ブルームバーグのアナリスト調査では、テスラの10-12月(第4四半期)納車台数は約51万400台と予想されている。実際にそうなれば、同社にとって四半期ベースの新記録となるが、テスラが予測する2024年通年での小幅増加を達成するには、さらに約4600台を販売する必要がある。
テスラは1月2日に生産台数と納車台数を発表する。
テスラの時価総額は11月の選挙日から12月中旬までに7330億ドル(約115兆円)余り拡大し、1兆5400億ドルのピークに達した。イーロン・マスク最高経営責任者(CEO)がトランプ次期大統領の主要献金者として台頭したことで、同社などマスク氏率いる企業に有利に働くと投資家はみている。しかし年間販売が落ち込めば、考えを改める動きが出る可能性もある。

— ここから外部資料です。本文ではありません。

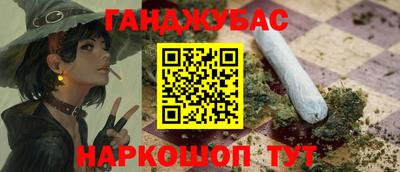 альфа пвп VHQ Моздок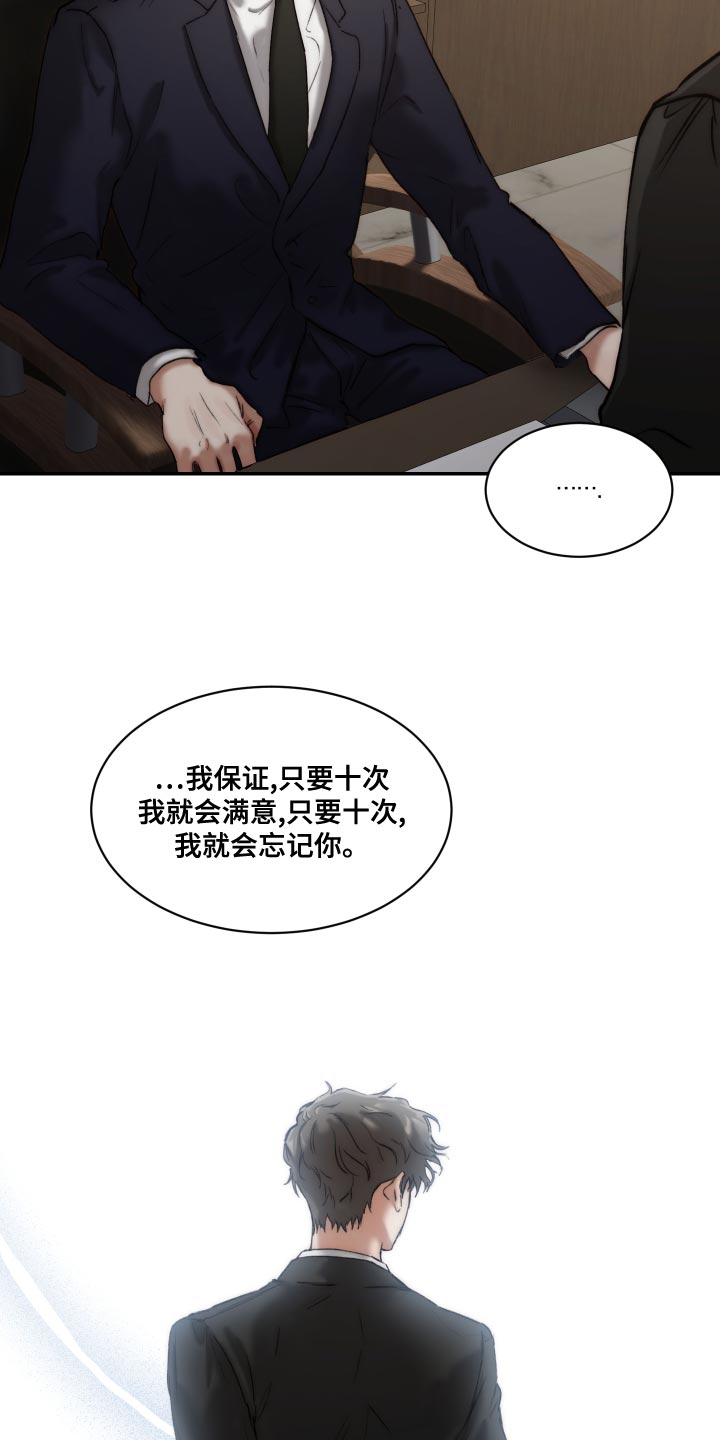 第86章：【第二季】你不要试探我15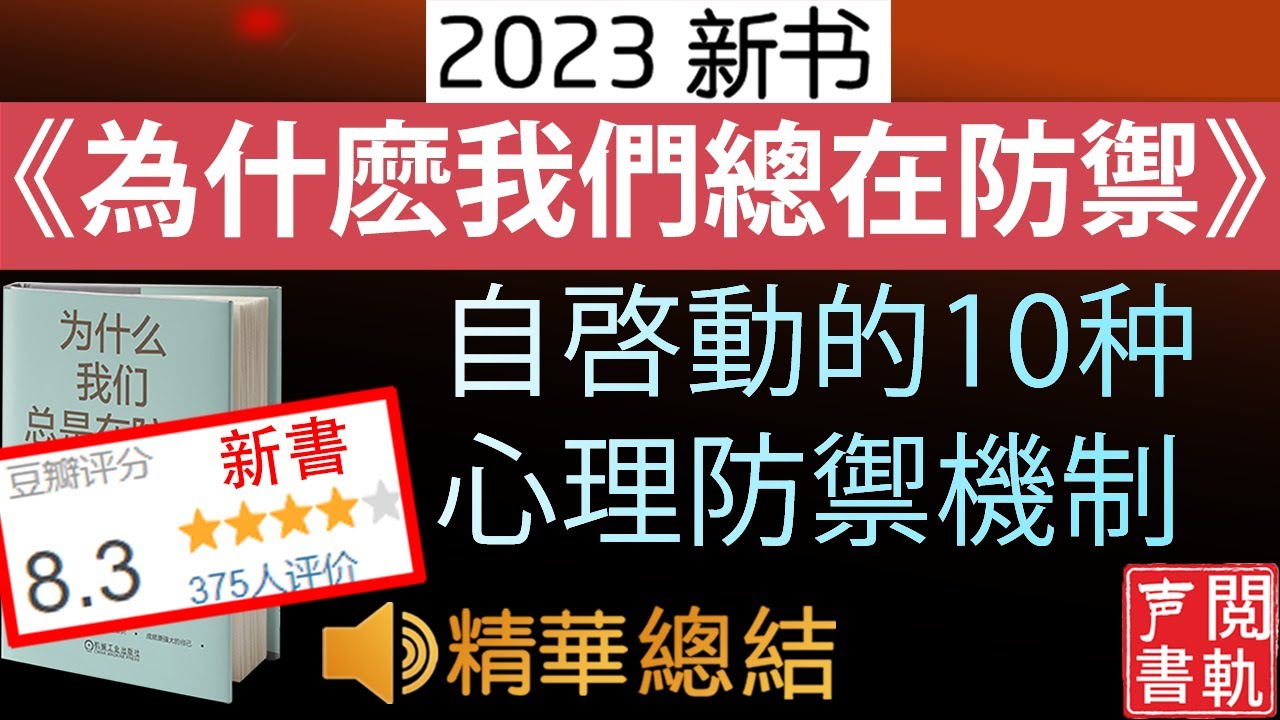 有声精读《我們為什麽總是在防禦》你不知道, 卻經常自啓動的心理防禦機制！ 有声书解读 听书 | 声閲書軌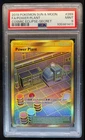 Power Plant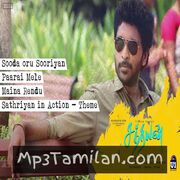 Sathriyan Movie Poster - Tamil Movie Songs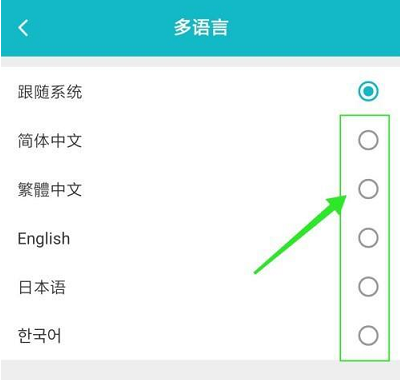 Taptap怎么切换多语言?Taptap切换多语言的方法截图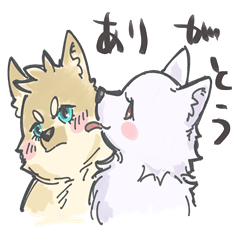 ちびおおかみの日常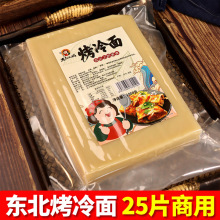 东北烤冷面1600g小吃摊外卖商用加厚大面片真空包装方便速食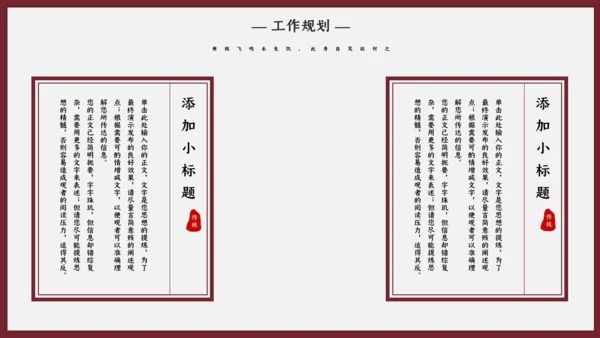 绛红色古风雅致通用PPT模板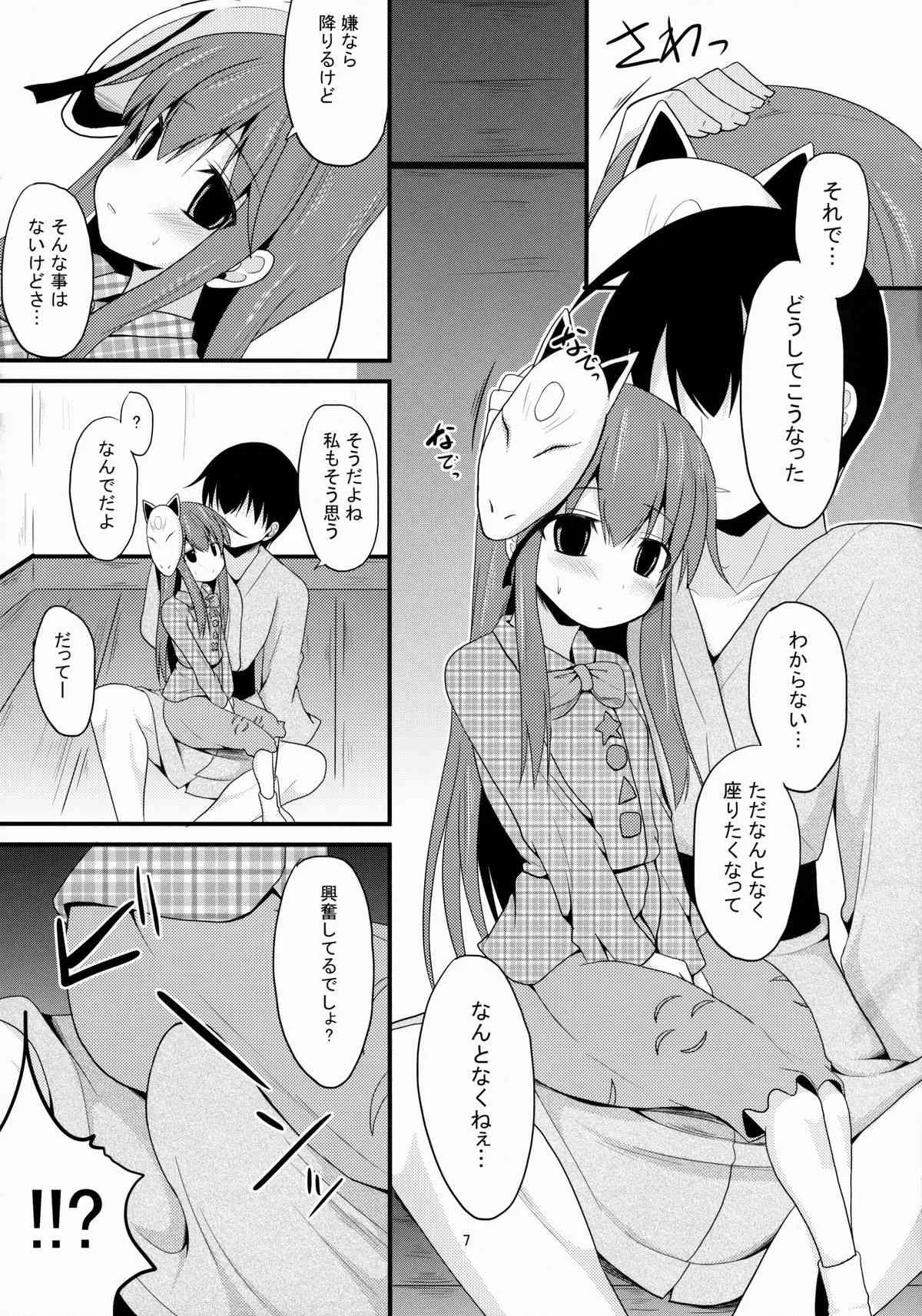 (C85) [ねこのこね (タケユウ)] 愛種10 (東方Project)_7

結局のところ、トランプ氏の政策方針はテスラにとってスラムダンクとは言い難いものだ。自動運転車の導入に向けた連邦政府の枠組みは楽観的な材料だが、同社の技術が追い付いているかは定かでない。トランプ氏のアドバイザーらは、EV補助金の削減、およびテスラに著しい収入をもたらしている燃料規制や汚染規制の撤回を提言している。
投資会社ディープウォーター・アセット・マネジメントのマネジングパートナー、ジーン・マンスター氏は、テスラの第4四半期納車台数について、「この数字は全くのワイルドカードだ」と指摘した。マンスター氏は、マスク氏が政治的に左寄りの消費者から距離を置き、EVを購入していないトランプ氏の支持者を受け入れていることに警戒感を抱いている。
マスク氏はこれまで、2025年について明るい見通しを示している。24年7-9月(第3四半期)決算を公表した10月時点で、来年の納車台数は20-30%増える可能性があるとしていた。